Around the Royal Wagon, a few of us from the Kindred made our last rallying point, the Queen’s women fighting among us. I mind the Princess Essylt clinging to the side of the wagon itself, one foot on a wheel-hub, a dead man’s sword in her hand, her red hair flying about her head, fighting like a wild cat and chanting some savage war-song of her own as she struck, and struck again, until a legionnaire’s sword, stabbing upward, took her beneath the breast-bone, and her song broke into a scream as she tumbled down into the struggling tangle below.

Nessan was beside me, with a dirk for her weapon. Even in that moment she cried my name, as though my coming meant rescue, safety, something to be glad for.

The shouting and screaming rose to tear the skies asunder; the Red Crest cavalry swept in with their long sabres to aid the men of the short swords cutting down every living thing, man, woman, child and horse, that came in their path. They had three cities, and four cohorts of the Ninth Legion to avenge, and the dead began to lie thick, hacked and hideous, piled one upon another.
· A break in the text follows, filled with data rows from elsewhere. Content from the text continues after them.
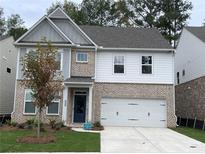 Beautiful brick and siding two-story home with a well-maintained lawn and a two-car garage at 4375 Easter Lily Ave Lot 81, Buford, GA 30519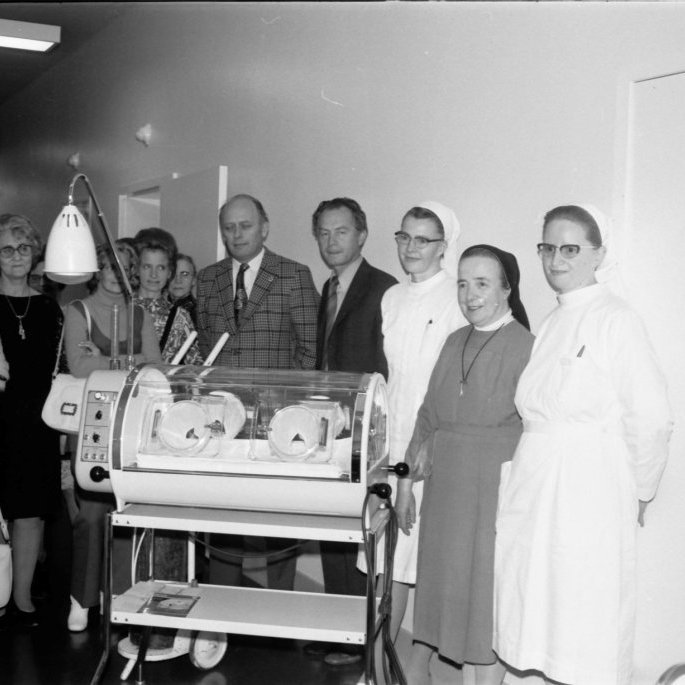 Kvenfélagskonur í Kvenfélaginu Gleym mér ei komu oft að málum þegar tækjabúnað eða annað vantaði til samfélagsins. Hér eru þær að færa St. Fransisku sjúkrahúsinu í Stykkishólmi hitakassa fyrir nýbura og ungabörn. Kvenfélagskonur frá Grundarfirði, talið frá vinstri: Gróa H. Guðjónsdóttir, Hulda Vilmundardóttir, Ragnheiður Benidiktsdóttir, Guðrún Árnadóttir, Bára Hallgrímsdóttir, Jóhanna Sigurrós Árnadóttir, Rósa Geirmundsdóttir og Valgerður Skarphéðinsdóttir. Getur verið að systirin sem er lengst til vinstri sé systir Lena? Okkur vantar nöfn Sankti Fransisku systranna og karlmannanna sem eru á myndinni.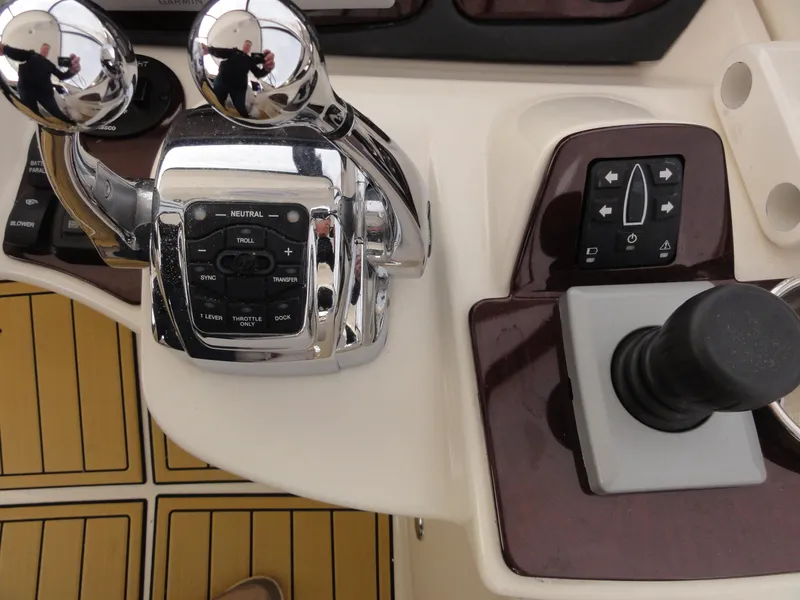 Slide: The Image of Control panel of a 2009 Meridian 441 Sedan yacht with throttle and joystick. - 19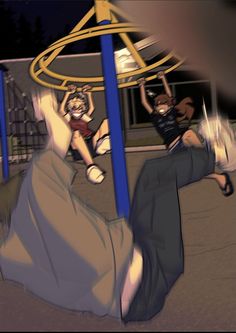 two children playing on a merry go round at night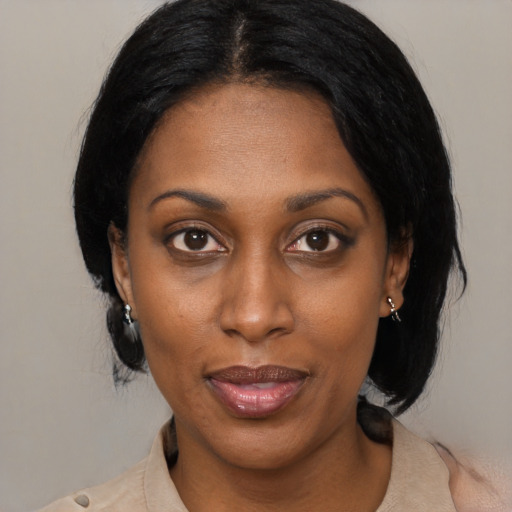 Joyful black adult female with medium  black hair and brown eyes
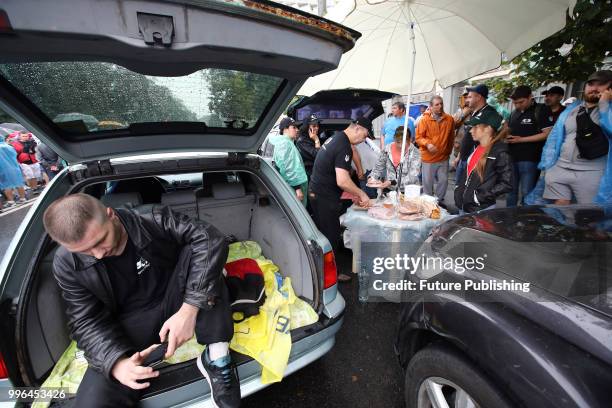 Demonstrators make sandwiches during a rally for the adoption of a draft bill on customs clearance and lower tax incidence on used cars brought from...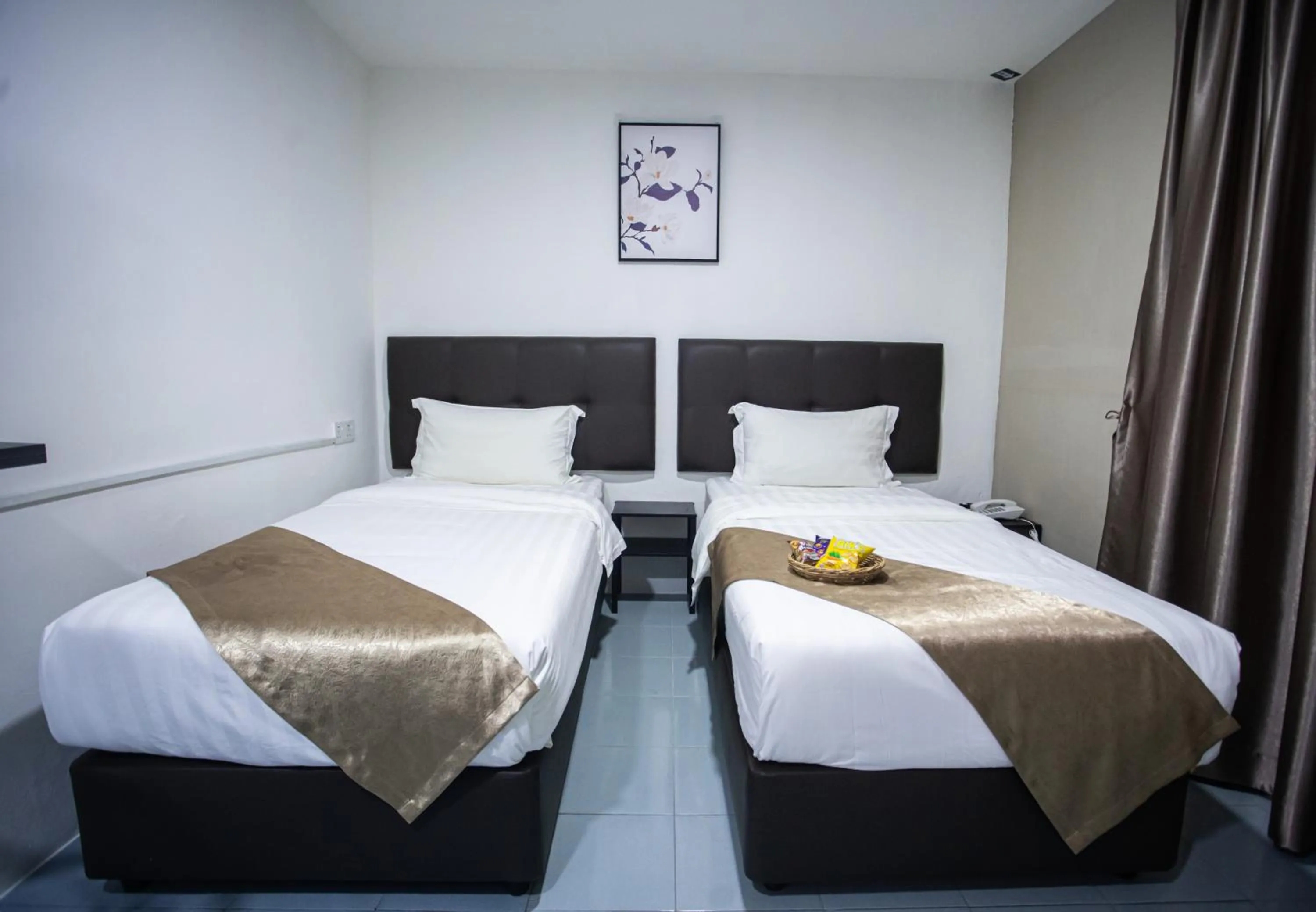 Bed in Rex City Hotel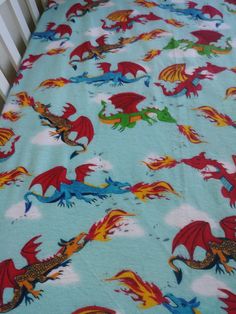 a crib bed with a dragon print on it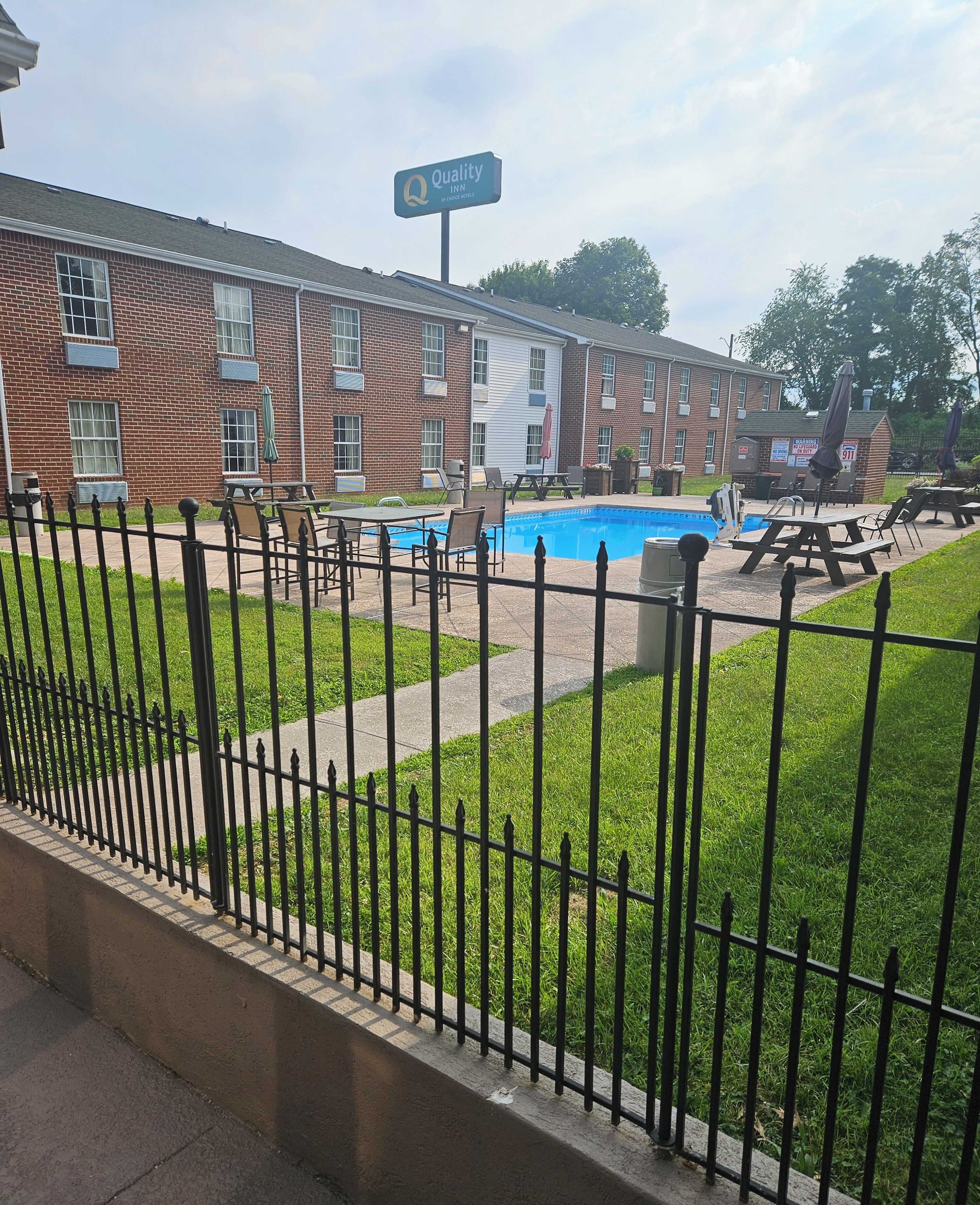 Un bâtiment en briques avec une enseigne « Quality Inn », une piscine, des chaises longues et un patio clos.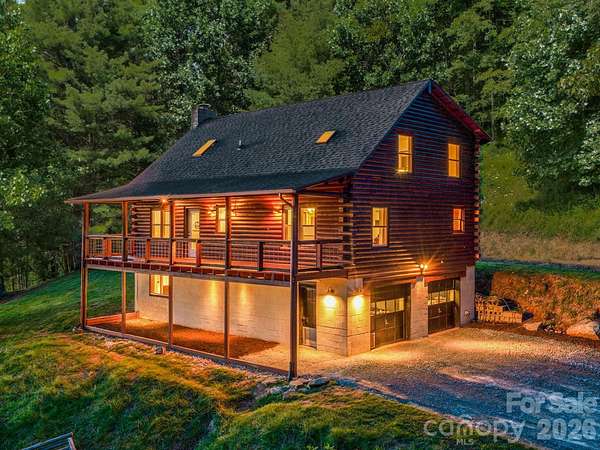 10.6 Acres of Land with Home for Sale in Clyde, North Carolina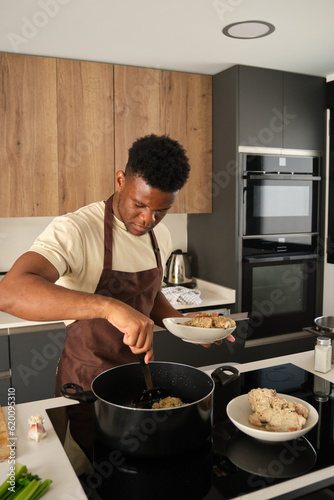 Young black man preparing fried chicken mince with vegetables recipe in a kitchen.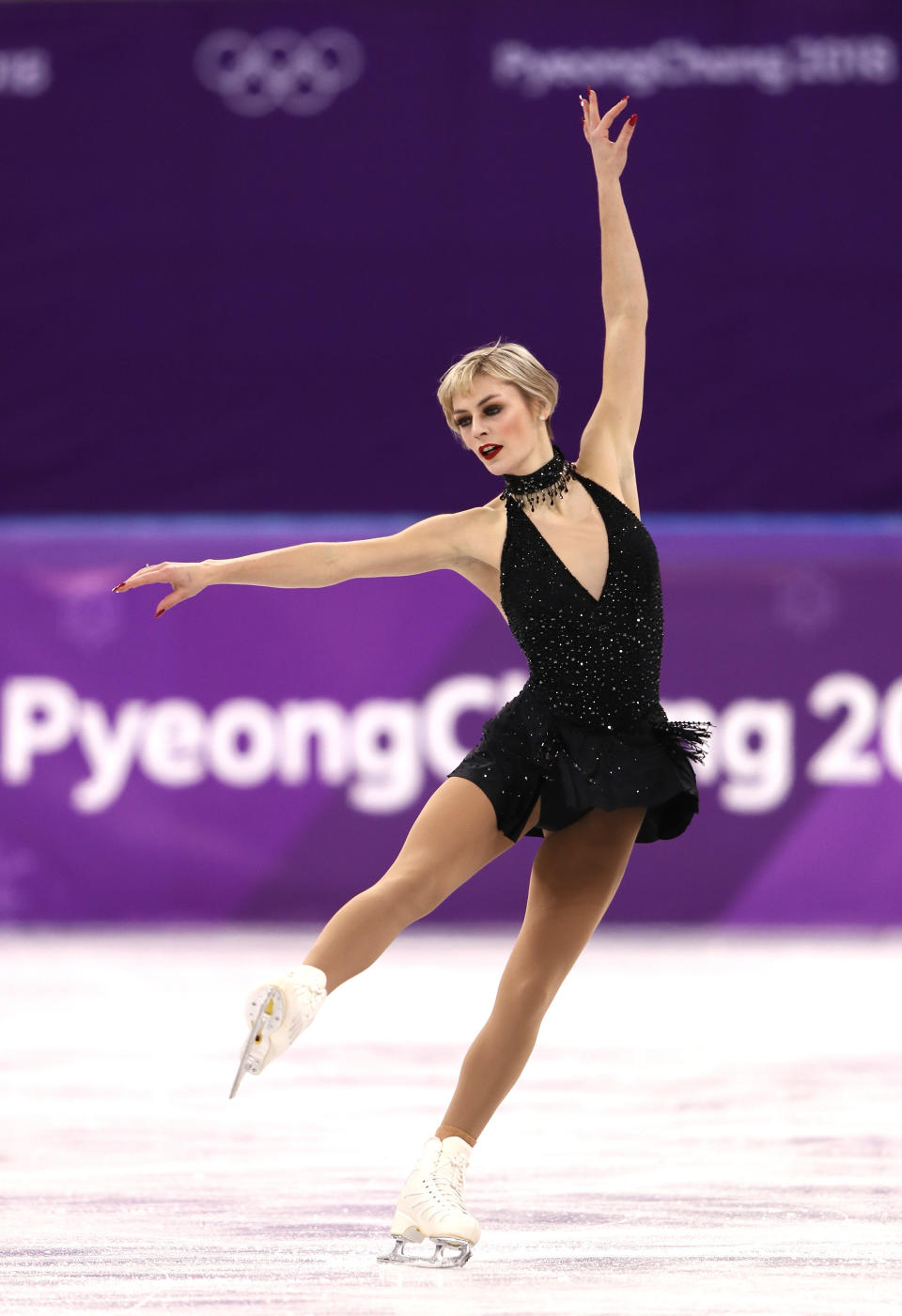 Austman, of Canada, wore this little black dress for her short program during the ladies single event, proving that sometimes, less <i>can&nbsp;</i>be more.&nbsp;We're especially fans of the embellished choker -- a nice touch of drama in an otherwise simple costume.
A Red Crest with half his shoulder-guard torn away came leaping over the barrier of the dead. I lunged forward to meet and turn his sword; and in the same
heartbeat of time a cavalry man crashed by, crouched low in the saddle, his long blade sweeping out and down, and Nessan fell against me and crumpled to my feet. My own sword had found its mark; I wrenched it out, feeling it grate on bone as the Red Crest went over backwards, and when I looked down, Nessan was lying twisted with her face turned to the sky and blood welling from a deep wound between her neck and shoulder.

I saw that she called out to me, though I could not hear above the tumult. Her eyes clung to my face, and she made as though she would hold her arms out to me as she used to do when she was a very small child.

And I knew that the battle was lost; and it seemed to me as in a dream, that all I had to do now was to save the child. I slammed home my sword into its sheath, and stooped and heaved aside the bodies that clogged my feet. There was a small clear gap between the wheels of the wagons. If I could get her through it into some kind of shelter, when the slaughtering was over and the darkness came, I might be able to get her away.

She was very light to lift; but even as I knelt with my arms round her, a moment of blinding pain took me in the left flank, in the soft unguarded part between ribs and hip. I pulled out the light spear-head, and my strength seemed to come with it, like water. I flattened on top of her, and lay still. Somewhere above us in the wagon a woman screamed loud enough to tear through even that turmoil. The taste of blood came into my mouth, and every instant I waited for the death blow, not yet knowing that in truth I had it already. But the Red Crests ploughed on, shouting as they thrust and thrust again. And in the breathing space that followed,
I gathered myself and dragged Nessan further in under the wagon, and again lay down over her.